### EXERCISE DIRECTIONS:
Copy out the data exactly, leaving the pictures behind.

### INPUT DATA:

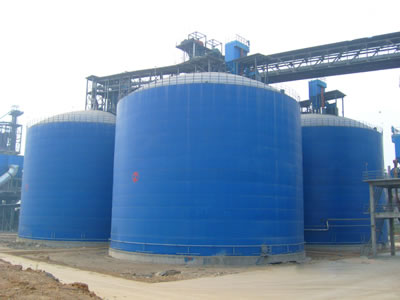 合山水泥钢板库改造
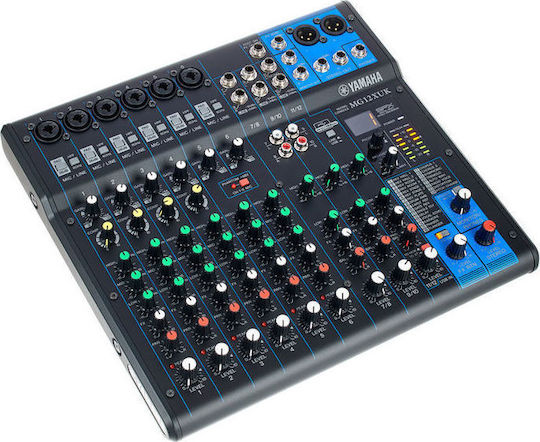 Yamaha MG-12-XUK USB H020.00095 Consolă Analogică 12 Canale cu Putere fantomă & 6 Intrări XLR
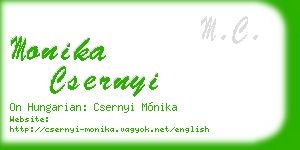 monika csernyi business card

### RESPONSE TO THIS EXERCISE:
 合山水泥钢板库改造
 Yamaha MG-12-XUK USB H020.00095 Consolă Analogică 12 Canale cu Putere fantomă & 6 Intrări XLR
 monika csernyi business card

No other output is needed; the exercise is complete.